Con il decreto dd. 08.08.1923 n. 12637 Gab. emesso dal Prefetto Guadagnini in attuazione del R.D. 21.1.1923 n. 93,venne vietato l'uso del termine Tirolo [4]. Verranno poi, in aggiunta, vietate qualsiasi manifestazioni di commemorazione o ricordo dei caduti in divisa austro-ungarica, per paura che avrebbero potuto generare una manifestazione patriottica anti-italiana [5]

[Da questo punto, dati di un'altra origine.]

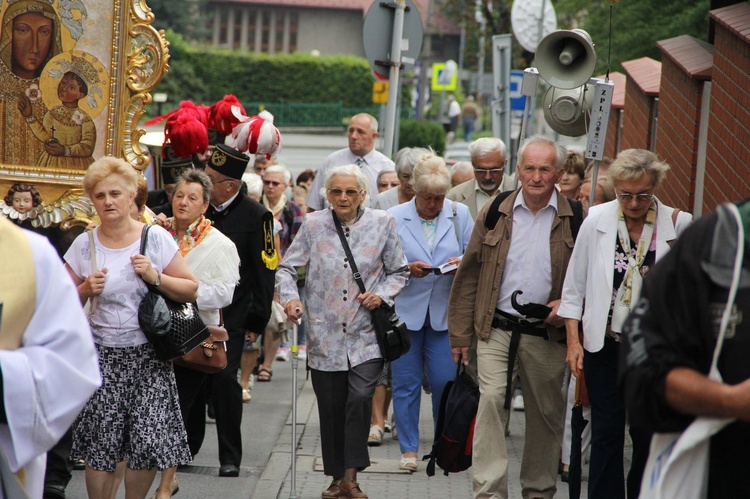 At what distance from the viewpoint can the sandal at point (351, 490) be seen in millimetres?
7156

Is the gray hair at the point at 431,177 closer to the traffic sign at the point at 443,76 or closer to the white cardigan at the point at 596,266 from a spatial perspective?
the white cardigan at the point at 596,266

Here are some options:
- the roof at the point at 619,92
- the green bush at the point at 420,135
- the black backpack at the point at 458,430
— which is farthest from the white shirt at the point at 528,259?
the green bush at the point at 420,135

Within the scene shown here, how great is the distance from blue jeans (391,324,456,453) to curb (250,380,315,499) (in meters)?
0.78

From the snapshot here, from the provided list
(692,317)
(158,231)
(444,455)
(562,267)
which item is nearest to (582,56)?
(562,267)

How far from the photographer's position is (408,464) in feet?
26.4

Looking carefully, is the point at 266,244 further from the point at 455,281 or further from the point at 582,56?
the point at 582,56

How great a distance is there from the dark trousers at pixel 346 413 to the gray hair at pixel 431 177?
1456 mm

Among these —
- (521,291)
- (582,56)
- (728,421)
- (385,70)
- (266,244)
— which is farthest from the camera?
(385,70)

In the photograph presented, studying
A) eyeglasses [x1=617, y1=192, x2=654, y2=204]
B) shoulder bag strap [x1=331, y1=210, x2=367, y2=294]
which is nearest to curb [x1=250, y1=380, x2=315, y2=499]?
shoulder bag strap [x1=331, y1=210, x2=367, y2=294]

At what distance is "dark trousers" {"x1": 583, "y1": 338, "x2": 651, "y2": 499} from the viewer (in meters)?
6.16

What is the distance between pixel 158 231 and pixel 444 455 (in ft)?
6.96

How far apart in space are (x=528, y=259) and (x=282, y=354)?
275 inches

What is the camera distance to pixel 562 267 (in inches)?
262

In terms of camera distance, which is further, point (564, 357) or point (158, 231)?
point (564, 357) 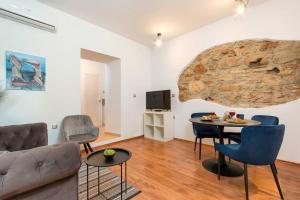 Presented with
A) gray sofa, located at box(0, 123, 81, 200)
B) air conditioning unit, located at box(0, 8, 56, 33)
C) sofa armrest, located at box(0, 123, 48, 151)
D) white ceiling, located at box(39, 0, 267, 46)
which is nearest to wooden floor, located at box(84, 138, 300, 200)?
gray sofa, located at box(0, 123, 81, 200)

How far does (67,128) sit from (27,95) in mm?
840

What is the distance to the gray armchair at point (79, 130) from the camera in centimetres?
268

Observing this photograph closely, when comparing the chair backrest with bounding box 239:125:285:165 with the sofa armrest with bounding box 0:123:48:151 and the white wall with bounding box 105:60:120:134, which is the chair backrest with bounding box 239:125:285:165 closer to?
the sofa armrest with bounding box 0:123:48:151

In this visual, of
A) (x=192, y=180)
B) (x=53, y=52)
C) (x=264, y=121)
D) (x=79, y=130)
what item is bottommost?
(x=192, y=180)

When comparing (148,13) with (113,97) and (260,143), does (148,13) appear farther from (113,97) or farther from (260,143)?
(260,143)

Il 24 ottobre 1923[6], un decreto prefettizio mise fine all'insegnamento in tedesco nella provincia[7] recependo le disposizioni nazionali del decreto del Re del 1º ottobre 1923, n. 21852; in risposta a ciò, si assistette alla creazione delle Katakombenschulen ("scuole nelle catacombe"), ad opera di Michael Gamper e Josef Noldin, dove si seguitava ad insegnare clandestinamente ai bambini la lingua tedesca.

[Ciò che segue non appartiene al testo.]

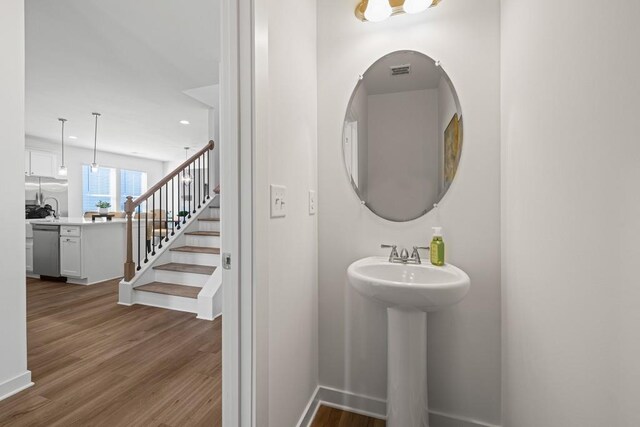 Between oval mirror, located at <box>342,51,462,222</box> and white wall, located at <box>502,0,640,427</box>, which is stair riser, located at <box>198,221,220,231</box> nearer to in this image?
oval mirror, located at <box>342,51,462,222</box>

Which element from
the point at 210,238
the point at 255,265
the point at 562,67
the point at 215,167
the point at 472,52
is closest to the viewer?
the point at 562,67

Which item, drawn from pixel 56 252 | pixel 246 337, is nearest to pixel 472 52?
pixel 246 337

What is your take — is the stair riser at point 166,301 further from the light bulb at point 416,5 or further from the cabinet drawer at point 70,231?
the light bulb at point 416,5

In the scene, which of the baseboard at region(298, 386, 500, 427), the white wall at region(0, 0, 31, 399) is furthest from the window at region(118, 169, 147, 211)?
the baseboard at region(298, 386, 500, 427)

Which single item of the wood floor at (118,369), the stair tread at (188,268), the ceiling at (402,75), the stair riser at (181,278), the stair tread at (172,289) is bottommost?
the wood floor at (118,369)

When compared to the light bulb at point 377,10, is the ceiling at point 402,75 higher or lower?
lower

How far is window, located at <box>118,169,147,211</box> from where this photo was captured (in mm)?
8281

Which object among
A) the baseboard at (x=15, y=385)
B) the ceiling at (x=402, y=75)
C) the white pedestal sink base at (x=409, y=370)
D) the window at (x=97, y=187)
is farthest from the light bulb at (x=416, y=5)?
the window at (x=97, y=187)

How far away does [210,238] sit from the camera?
378 cm

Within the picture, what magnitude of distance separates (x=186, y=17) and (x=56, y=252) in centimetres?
389

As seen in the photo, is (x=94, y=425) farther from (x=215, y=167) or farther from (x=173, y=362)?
(x=215, y=167)

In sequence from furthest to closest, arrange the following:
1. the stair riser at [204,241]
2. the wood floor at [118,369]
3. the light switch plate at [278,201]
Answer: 1. the stair riser at [204,241]
2. the wood floor at [118,369]
3. the light switch plate at [278,201]

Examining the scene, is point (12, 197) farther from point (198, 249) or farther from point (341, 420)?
point (341, 420)

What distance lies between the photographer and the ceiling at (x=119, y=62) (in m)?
2.30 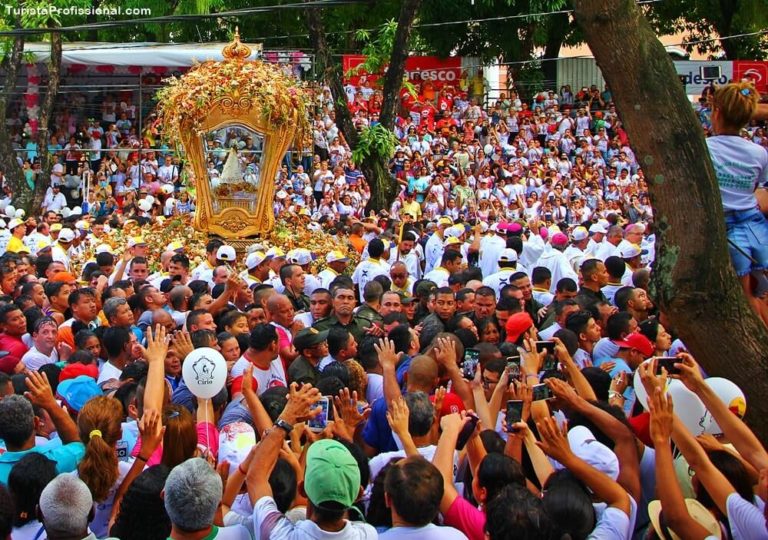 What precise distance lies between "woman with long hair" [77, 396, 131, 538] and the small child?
322 cm

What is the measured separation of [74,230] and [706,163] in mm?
12373

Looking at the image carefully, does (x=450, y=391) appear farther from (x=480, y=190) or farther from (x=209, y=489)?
(x=480, y=190)

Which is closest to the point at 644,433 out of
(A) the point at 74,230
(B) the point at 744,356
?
(B) the point at 744,356

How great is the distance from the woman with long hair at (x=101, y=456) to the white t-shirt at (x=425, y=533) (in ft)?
4.46

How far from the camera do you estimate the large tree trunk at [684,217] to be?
4871 millimetres

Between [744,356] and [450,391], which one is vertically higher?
[744,356]

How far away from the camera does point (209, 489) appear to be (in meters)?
4.40

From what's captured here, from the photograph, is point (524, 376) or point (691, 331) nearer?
point (691, 331)

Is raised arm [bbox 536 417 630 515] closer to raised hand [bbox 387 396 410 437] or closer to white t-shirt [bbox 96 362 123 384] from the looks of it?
raised hand [bbox 387 396 410 437]

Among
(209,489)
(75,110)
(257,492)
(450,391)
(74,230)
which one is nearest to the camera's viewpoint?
(209,489)

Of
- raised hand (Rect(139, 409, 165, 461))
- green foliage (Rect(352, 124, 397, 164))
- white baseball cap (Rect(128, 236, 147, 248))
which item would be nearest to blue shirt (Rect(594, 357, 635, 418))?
raised hand (Rect(139, 409, 165, 461))

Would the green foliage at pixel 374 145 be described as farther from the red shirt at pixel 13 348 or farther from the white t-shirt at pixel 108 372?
the white t-shirt at pixel 108 372

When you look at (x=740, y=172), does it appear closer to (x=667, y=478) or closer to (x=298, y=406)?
(x=667, y=478)

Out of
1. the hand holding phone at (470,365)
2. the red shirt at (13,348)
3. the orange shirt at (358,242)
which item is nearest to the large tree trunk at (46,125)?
the orange shirt at (358,242) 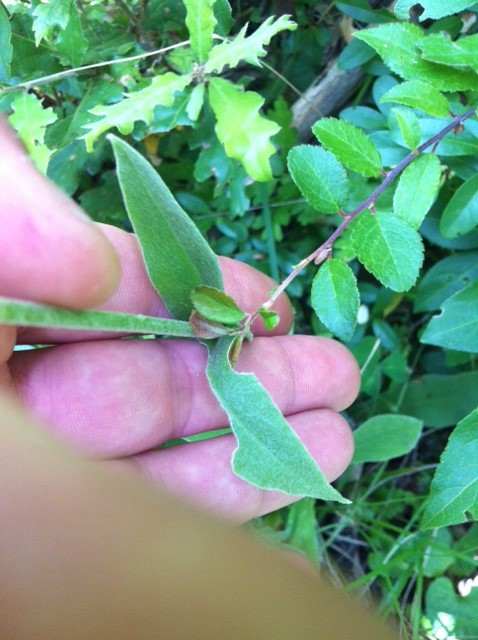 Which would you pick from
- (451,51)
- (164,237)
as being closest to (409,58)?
(451,51)

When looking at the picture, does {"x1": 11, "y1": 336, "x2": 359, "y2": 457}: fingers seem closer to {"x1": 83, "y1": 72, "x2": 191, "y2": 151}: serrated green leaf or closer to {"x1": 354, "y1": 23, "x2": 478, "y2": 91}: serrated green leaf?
{"x1": 83, "y1": 72, "x2": 191, "y2": 151}: serrated green leaf

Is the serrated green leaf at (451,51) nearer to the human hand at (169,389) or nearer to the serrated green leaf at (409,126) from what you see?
the serrated green leaf at (409,126)

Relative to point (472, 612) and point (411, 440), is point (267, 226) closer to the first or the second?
point (411, 440)

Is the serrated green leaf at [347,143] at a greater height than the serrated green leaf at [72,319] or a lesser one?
greater

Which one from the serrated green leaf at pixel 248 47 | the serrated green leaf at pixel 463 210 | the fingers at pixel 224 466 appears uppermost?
the serrated green leaf at pixel 248 47

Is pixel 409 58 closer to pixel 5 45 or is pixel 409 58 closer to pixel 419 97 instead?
pixel 419 97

Nel 1939, con l'accordo sulle opzioni in Alto Adige, Adolf Hitler e Benito Mussolini concordarono che i cittadini di lingua tedesca residenti nella suddetta provincia potessero decidere se emigrare in Germania o nella Crimea (annessa in seguito all'invasione dell'Unione Sovietica al Grande Reich tedesco), oppure rimanere in Italia ed accettare la loro completa italianizzazione. Coloro che restarono vennero denominati Dableiber (letteralmente "i rimanenti") e furono additati come traditori, mentre coloro che decisero di andare (Optanten) vennero tacciati di filonazismo. Dei 246.036 aventi diritto, 211.799 optarono per la cittadinanza tedesca e l'emigrazione, mentre 34.237 decisero di rimanere: tuttavia, con lo scoppio della seconda guerra mondiale, l'accordo non fu mai pienamente attuato, e gli emigranti effettivi furono circa 75.000.[8]

  1. ^ a b Oscar Benvenuto (a cura di): "Alto Adige in cifre 2008 ASTAT, Bolzano 2007, p. 19, Tabella 11.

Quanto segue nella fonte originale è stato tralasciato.